Monday, December 1, 2014

Strategy and the Plight of What-Doesn't-Look-Good

What is the toughest choice to make in Strategy? Well, it's a certain type of tough question - not one you draw a blank on, but one where too many answers come to mind. Is it about challenging the value-system? Or convincing an organization that it is not 'strategy-ready' yet? The 'toughest', finally, is a subjective one, and my pick may easily be different from yours. In my present frame of mind, I think one kind of the toughest choice is to pick options that don't 'look' good.  

I'm sure you'll agree that at times the best choice is to do nothing. At times, it is to close down a business, or to wait out a storm, or to walk away from an opportunity - and so on, right? But now imagine actually sitting in one of these day-long workshops and when the time comes to condense choices, it is one of these. It'll take a brave CXO, or a group of leaders, to conclude that it is best to do one of these things (or nothings, to be precise). It is much easier to say you'll reinvent yourselves, or acquire some as-yet unidentified target or any other equally esoteric statement, but it's really tough to say, for instance, that you'll wait it out and do nothing for now; or that you seem to be in a good place and it won't be wise to rock the boat. Examples of such not-good-looking choices abound.
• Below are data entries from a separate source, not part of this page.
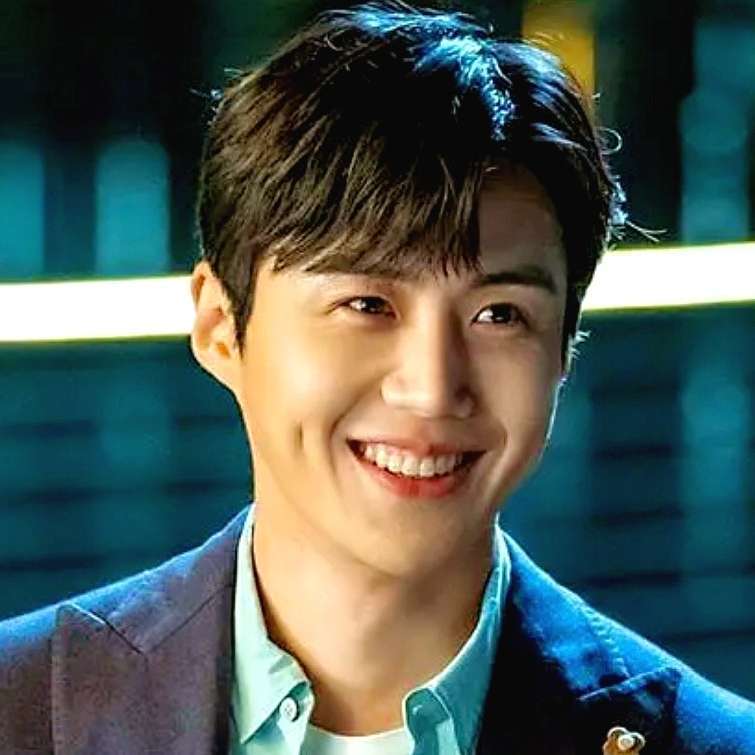 韩剧《启动了》:男二逆袭,人气投票比男主多整整4倍成为第一!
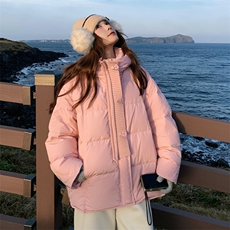韩系针织拼接粉色连帽羽绒服女冬新款超火好看高级感保暖加厚外套，女装羽绒服，2C108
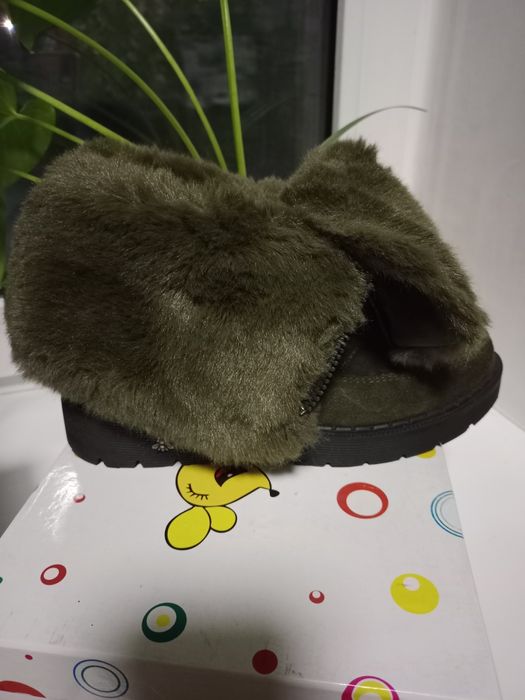 Сапожки для девочки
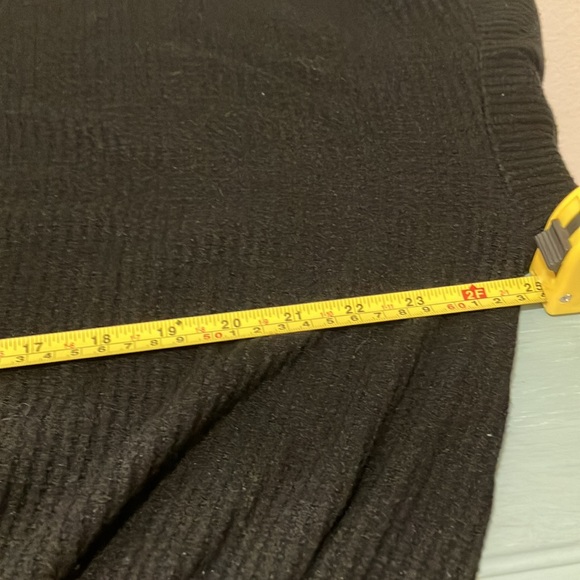 XL GAP BLACK GATHERED BOTTOM BELL SLEEVE LIGHTWEIGHT SWEATER - Picture 4 of 9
I'm not hung up about the examples above, but you get the drift.... There's a huge stack on the other side, of words that may not mean much, like re-organization, reshuffling, re-prioritization, deep-diving, outside-in propositioning that may also not mean much more, but sound much better. 

Another interesting insight is that it is easier to say we'll do nothing when times are bad, in the 'all hands on deck', belt-tightening, no-nonsense struggle to stay afloat. It gets tough when all this becomes 'business as usual', and there's enough time to ask what-else and what-if. 

And then you see the plight in action. You get in and out of strategy workshops that are like, as someone said, a Chinese dinner that makes you feel quite full for an hour, but then you wonder if you have eaten at all. You'd often find leaders scrambling to avoid the plight of the non-good-sounding, for race to find the perfect words to say nothing.

Sad, isn't it?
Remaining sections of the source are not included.